Wednesday, July 30, 2014
Roger Michalski (Brooklyn Law School) and Abby Wood (USC Gould School of Law) have posted Twombly and Iqbal at the State Level to SSRN.
This paper contributes to the empirical literature on pleading standards by studying the effect of Twombly and Iqbal at the state level. Studying pleading in the states is appealing for three reasons.
First, the findings of this paper are the first to address the empirical workings of pleading regimes where most litigation in the United States occurs. States account for the majority of civil litigation, yet they are understudied doctrinally and empirically. Here, we examine filing behavior, the content and length of complaints, the use of amended complaints, voluntary dismissals, motion to dismiss filed, and dismissal rates.
Second, federal civil procedures only vary across time. There is only one pre-Iqbal federal pleading regime and one post-Iqbal regime. When we consider pleading at the state level, we can leverage differences across space and time. When some states change pleading standards while others do not (as here), we are presented with a natural experiment on the effects of pleading standards ripe for empirical study.

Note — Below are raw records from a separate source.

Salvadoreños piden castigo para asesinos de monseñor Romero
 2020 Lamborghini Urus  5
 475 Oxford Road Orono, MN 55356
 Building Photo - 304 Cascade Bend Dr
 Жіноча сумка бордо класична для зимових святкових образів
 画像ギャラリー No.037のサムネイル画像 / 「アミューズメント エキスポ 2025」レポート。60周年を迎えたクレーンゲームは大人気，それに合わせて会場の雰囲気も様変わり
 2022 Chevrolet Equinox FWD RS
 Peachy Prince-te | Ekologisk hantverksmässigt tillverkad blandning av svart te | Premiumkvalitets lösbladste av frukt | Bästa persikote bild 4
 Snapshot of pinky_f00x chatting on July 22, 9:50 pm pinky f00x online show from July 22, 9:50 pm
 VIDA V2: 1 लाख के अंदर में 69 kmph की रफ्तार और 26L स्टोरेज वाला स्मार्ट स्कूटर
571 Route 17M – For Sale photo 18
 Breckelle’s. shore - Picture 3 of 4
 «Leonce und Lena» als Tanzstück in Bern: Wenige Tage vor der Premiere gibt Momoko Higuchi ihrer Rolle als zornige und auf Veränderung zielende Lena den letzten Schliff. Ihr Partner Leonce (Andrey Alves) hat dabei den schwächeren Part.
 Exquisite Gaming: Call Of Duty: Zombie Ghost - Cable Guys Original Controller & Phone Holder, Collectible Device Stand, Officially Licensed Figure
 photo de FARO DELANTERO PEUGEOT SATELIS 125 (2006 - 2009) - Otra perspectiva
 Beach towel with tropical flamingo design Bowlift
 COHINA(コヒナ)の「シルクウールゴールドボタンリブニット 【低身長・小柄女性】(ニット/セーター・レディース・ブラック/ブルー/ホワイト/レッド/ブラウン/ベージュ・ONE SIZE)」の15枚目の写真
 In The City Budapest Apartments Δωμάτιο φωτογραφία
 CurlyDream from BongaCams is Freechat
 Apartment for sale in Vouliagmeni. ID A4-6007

Third, our focus on the state level allows us to introduce synthetic controls to the study of pleading. Using synthetic controls frees us from one of the basic vulnerabilities of using one specific state (or group of states) as a comparison category – the threat that the states are fundamentally different, and we are instead comparing apples and oranges. Synthetic controls allows us to construct a composite of states as a control state, which, by construction, is a close match to the treatment state.
Until now, we simply did not know whether the existing literature at the federal level analyzed an outlier jurisdiction or whether pleading functions similarly in both state and federal courts. This paper fills that gap and lays the groundwork for future empirical research on national procedural uniformity and divergence.